А мой дорогой земляк Иван Бунин сказал: «Но кому и как расскажешь ты, что зовет тебя, чем сердце полно?..»
Как мне кажется, вдохновенная творческая пора связана не только с внешней или внутренней жизнью писателя, но и с его возрастом, с житейским обликом. Как только человек начинает стареть, как только замечает спад интереса к своей личности у окружающих, так он и сам начинает терять к окружающим интерес. И хотя у него к этому времени накопился изумительный опыт, большое знание жизни, хотя он приобрел мастерство, этот спад интереса в конце концов становится для него губительным: мастерство слабеет, воображение меркнет. Творческие силы остаются лишь у красивых, мощных старцев, не разуверившихся в себе до конца своей жизни, — Леонардо да Винчи, Гете, Толстой.
Великому человеку нельзя изменять с великим же. История не простит. Наталье Николаевне Пушкиной только и оставалось сделать, как выйти замуж за бесцветного, серого Ланского.
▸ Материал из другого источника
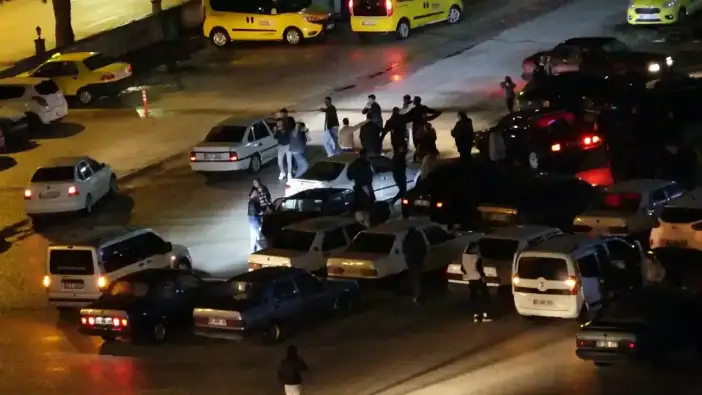 Burdur’da Otogarında Yanlama Gösterisi Yapmak İstediler, Ceza Yediler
За это потомки ее «обелили».
Как хорошо Ларошфуко назвал свои мысли: «Максимы»! То есть заранее объявил, что он максималист. Но, однако, сегодня ведь никто не сознается, не скажет даже в бреду, что он «минималист». Разве что девчонки, носящие мини-юбки… У всех работающих «максималистов» одна беда: их всех обвиняют в субъективности. Но как же все-таки жить максималисту, если он «объективен», ведь он же не фотоаппарат!
В литературной борьбе главное средство — хорошие книги. Все остальное есть недозволенные приемы.
Борьба с природой огрубляет человека. Общение с природой — облагораживает. А что нам даст общение с космосом?
Всякая полемика все же имеет свои законы и свои пределы. Чем с большим ожесточением мне доказывают, что я не права, что я ошибаюсь, что я заблуждаюсь, что за эти мои мысли и чувства меня нужно презирать, наказывать, критиковать, тем все увереннее я понимаю, что я права. Ибо действительно хорошие люди, здравомыслящие люди, справедливо мыслящие люди никогда не будут доказывать свою правоту такими методами, какими мне доказывают ее мои «противники». Ибо, увы, к сожалению, истина есть нравственная категория. Безнравственными методами ее не докажешь.